--- RECORDS PROVIDED ---

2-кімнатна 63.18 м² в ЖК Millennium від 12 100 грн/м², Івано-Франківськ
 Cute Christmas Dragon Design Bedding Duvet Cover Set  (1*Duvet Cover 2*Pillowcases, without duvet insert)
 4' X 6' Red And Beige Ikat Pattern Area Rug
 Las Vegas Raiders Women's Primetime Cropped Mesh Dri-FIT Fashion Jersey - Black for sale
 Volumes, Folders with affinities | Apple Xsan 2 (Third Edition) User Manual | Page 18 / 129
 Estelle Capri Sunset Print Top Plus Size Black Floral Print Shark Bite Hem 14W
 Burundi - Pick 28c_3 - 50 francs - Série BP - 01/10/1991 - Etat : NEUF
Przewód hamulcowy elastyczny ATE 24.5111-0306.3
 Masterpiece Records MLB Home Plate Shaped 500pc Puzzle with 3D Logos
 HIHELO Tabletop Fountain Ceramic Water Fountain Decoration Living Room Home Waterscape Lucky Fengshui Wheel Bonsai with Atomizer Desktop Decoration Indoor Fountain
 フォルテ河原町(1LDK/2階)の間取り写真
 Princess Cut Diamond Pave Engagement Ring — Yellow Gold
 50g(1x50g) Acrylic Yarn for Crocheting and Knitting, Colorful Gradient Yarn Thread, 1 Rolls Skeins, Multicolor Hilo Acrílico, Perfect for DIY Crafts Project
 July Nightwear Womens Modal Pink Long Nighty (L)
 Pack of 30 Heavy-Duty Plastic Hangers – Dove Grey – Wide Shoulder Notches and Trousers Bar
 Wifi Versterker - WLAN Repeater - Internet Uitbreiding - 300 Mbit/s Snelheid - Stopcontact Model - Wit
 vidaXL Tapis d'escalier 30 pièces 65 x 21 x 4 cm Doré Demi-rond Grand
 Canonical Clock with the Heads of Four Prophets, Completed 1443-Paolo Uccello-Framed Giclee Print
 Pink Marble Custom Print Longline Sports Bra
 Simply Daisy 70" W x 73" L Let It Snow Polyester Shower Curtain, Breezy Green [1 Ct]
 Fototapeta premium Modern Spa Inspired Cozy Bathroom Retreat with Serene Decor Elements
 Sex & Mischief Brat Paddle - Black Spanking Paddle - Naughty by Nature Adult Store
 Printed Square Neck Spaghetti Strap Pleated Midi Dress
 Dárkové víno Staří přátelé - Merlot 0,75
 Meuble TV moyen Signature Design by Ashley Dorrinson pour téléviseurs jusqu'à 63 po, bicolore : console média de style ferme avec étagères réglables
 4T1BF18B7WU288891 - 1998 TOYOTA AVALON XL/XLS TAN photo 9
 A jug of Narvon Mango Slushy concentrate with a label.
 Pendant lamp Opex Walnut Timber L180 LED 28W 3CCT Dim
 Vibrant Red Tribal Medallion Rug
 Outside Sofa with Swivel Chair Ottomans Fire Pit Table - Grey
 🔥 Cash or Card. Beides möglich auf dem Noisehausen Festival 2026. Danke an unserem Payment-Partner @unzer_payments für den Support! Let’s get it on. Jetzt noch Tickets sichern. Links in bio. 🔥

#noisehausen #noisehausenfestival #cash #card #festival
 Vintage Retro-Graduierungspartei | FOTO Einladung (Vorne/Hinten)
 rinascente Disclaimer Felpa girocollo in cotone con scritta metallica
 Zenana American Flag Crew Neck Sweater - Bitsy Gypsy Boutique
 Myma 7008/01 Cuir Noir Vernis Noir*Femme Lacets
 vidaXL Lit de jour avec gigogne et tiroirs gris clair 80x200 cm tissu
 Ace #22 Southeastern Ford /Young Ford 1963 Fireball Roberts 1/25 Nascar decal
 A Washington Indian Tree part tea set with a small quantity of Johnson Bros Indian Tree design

---

[TASK ITEM]
In the entries above, copy each line that contains the string "Neck".

[ANSWER SPACE]
 Printed Square Neck Spaghetti Strap Pleated Midi Dress
 Zenana American Flag Crew Neck Sweater - Bitsy Gypsy Boutique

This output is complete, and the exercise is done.